A pair of psychologists at the University of Gothenburg in Sweden reviewed 23 previously conducted studies on the subject — known as a meta-analysis — which together summed nearly 3,000 participants.
They found that the cognitive approach to lie detection had an average accuracy rate of only 52% in naïve observers, which is a little better than chance. However, informed observers (those who were informed about which deception cues to focus on) had an average accuracy of nearly 75%.
“The central tenet of the cognitive approach is to ask questions that make a liar’s already demanding task even more demanding. Ideally, these questions should have minimal impact on a truth teller’s ability to provide a statement. It is argued that this differential increase in difficulty for liars will increase verbal differences between true and false statements, compared to standard interviewing methods,” wrote the researchers in the journal Applied Cognitive Psychology.
The researchers go on to mention three interviewing techniques classed under the cognitive approach to deception that anyone can use.
1. Imposing cognitive load
This technique involves introducing external stimuli that make it more challenging to allocate cognitive energy required to maintain a lie.
Some of the things you can try are asking the interviewee to provide their statement in reverse order or to maintain eye contact at all times. Another nifty trick is asking the interviewee to perform a secondary task that takes up mental energy while providing a statement. Something as simple as washing the dishes while talking can be enough to put a liar on the wrong foot.
“Tasks designed to increase cognitive load will impair liars’ ability to provide a statement more so than that of truth-tellers. This is because lying is already a more demanding task,” the researchers wrote.
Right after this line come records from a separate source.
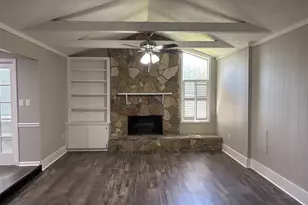 422 Lake Front Dr, Warner Robins, GA 31088 - Photo 6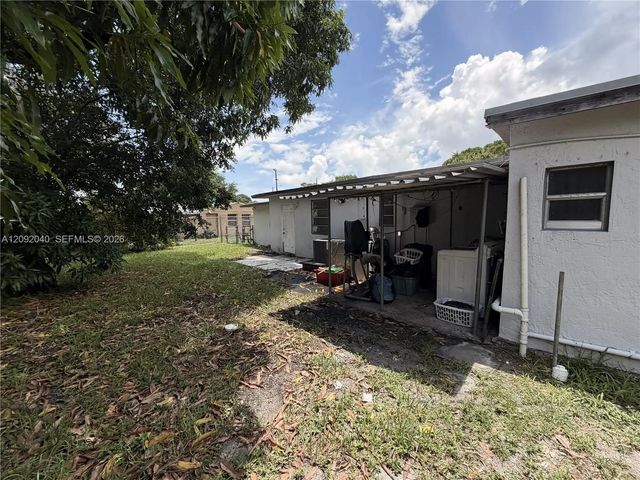 3 of 17 - 10124 Nw 25th Avenue, Miami, FL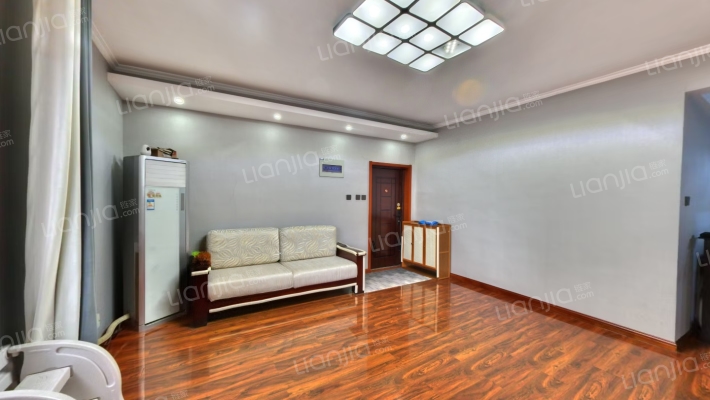 银池丽舍云端二手房实景图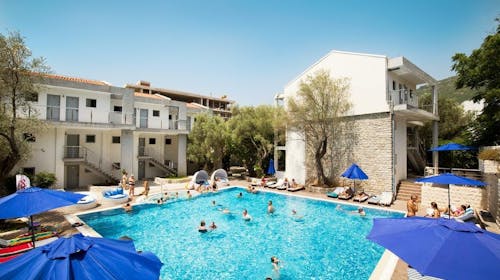 Vile Oliva Petrovac - Ljeto za parove, Petrovac na Moru, Crna Gora - 1.715 EUR - 7x noćenje u Standard dvokrevetnoj sobi u vilama (1 francuski ležaj) za 2 osobe, All inclusive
2. Encouraging the interviewee to say more
Inspired by memory-enhancing methods developed within eyewitness research, some studies suggest that encouraging the interviewee to do more talking can enhance deception detection. The more details a liar offers, the greater the odds of making a contradiction that can signal deception.
“It is argued that truth-tellers will be able to provide more information when encouraged to do so, since their statements will be based on real memories of an event. In contrast, liars are expected to find this task difficult, as they will be required to fabricate more detailed information on‐the‐spot,” the researchers in Sweden wrote.
3. Asking unanticipated questions
Liars are good at anticipating questions meant to check the veracity of their statements and will prepare fabricated details to support their deception. According to previous research, prepared lies are much harder to distinguish from the truth than unprepared lies.
So the idea is to catch a liar off guard by asking questions they haven’t anticipated, but which a person telling the truth will have no difficulty answering on the spot.
“It is argued that for unanticipated questions truth-tellers should provide more information and more consistent answers, in group and repeated interviewing situations, compared to liars,” the researchers wrote.
The authors of the meta-review mention that the cognitive approach seems to be effective as long as observers are trained on which cues to focus. ” Although numerous questions persist, this result suggests potentially promising paths forward for this innovative area of deception research,” they added.